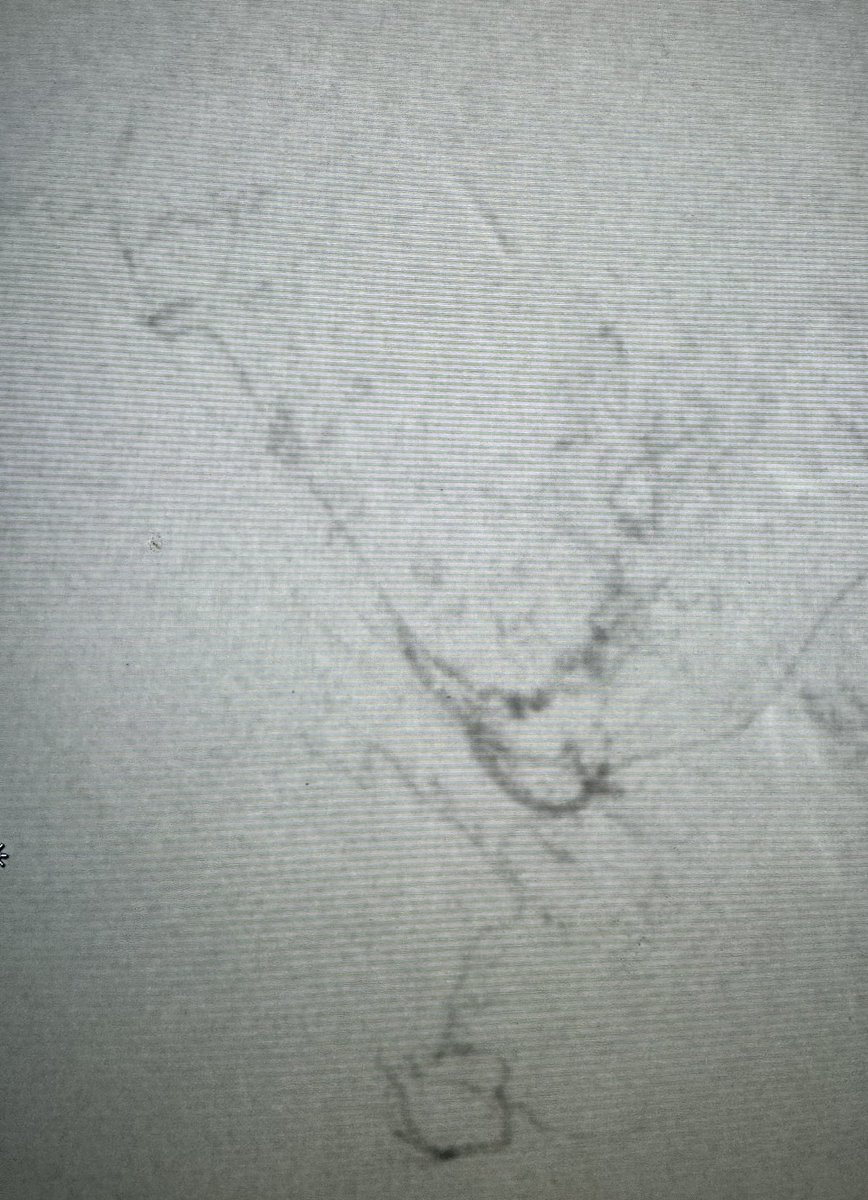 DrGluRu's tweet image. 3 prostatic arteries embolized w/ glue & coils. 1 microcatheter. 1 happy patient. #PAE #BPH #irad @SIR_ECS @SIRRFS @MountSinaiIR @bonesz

* * *

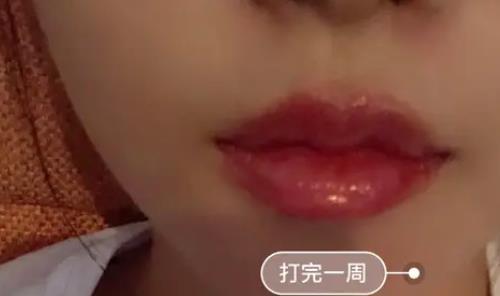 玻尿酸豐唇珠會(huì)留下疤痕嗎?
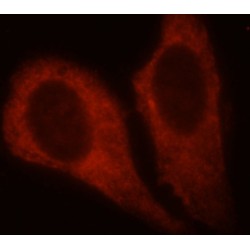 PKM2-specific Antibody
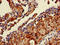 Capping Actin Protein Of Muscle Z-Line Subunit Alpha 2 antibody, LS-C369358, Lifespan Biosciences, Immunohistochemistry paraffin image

--

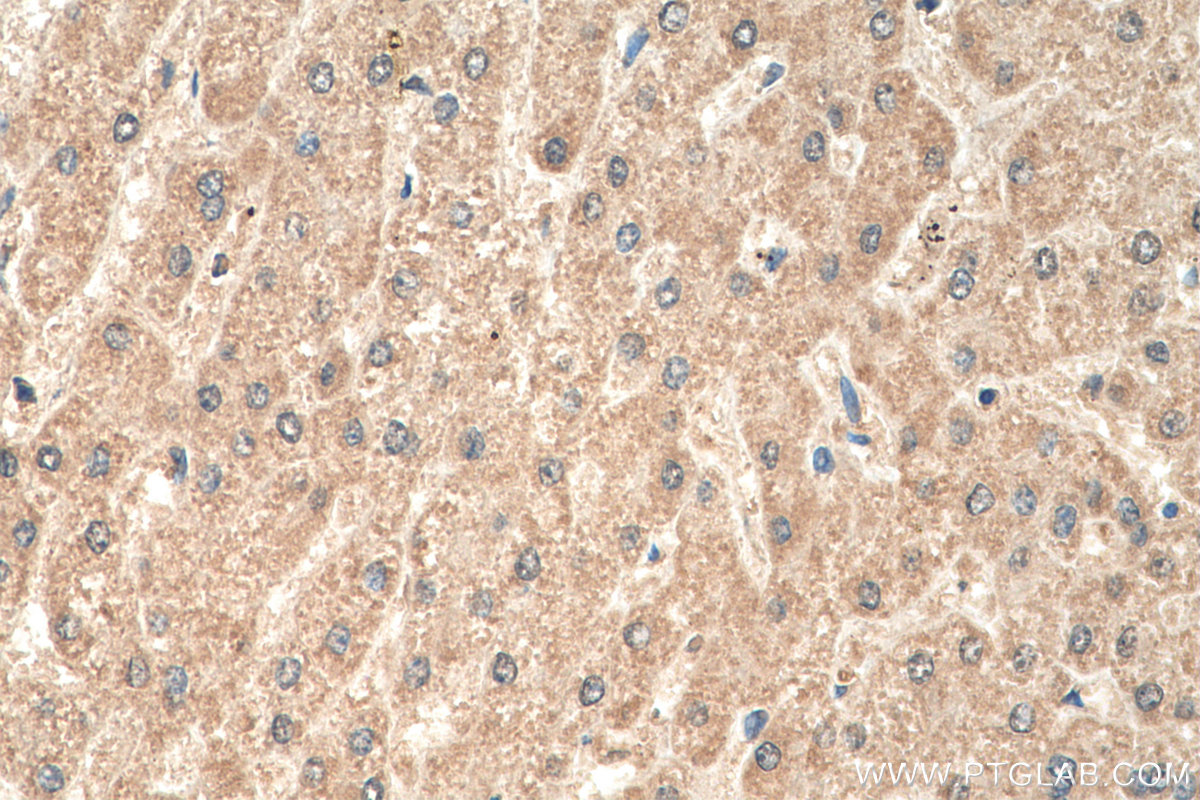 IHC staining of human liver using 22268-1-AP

TASK BRIEF:
Would you restate, exactly and with no pictures, the lines of the entries above from the one containing "玻尿酸豐唇珠會(huì)留下疤痕嗎?" through the one containing "Capping Actin Protein"?

RESPONSE AREA:
 玻尿酸豐唇珠會(huì)留下疤痕嗎?
 PKM2-specific Antibody
 Capping Actin Protein Of Muscle Z-Line Subunit Alpha 2 antibody, LS-C369358, Lifespan Biosciences, Immunohistochemistry paraffin image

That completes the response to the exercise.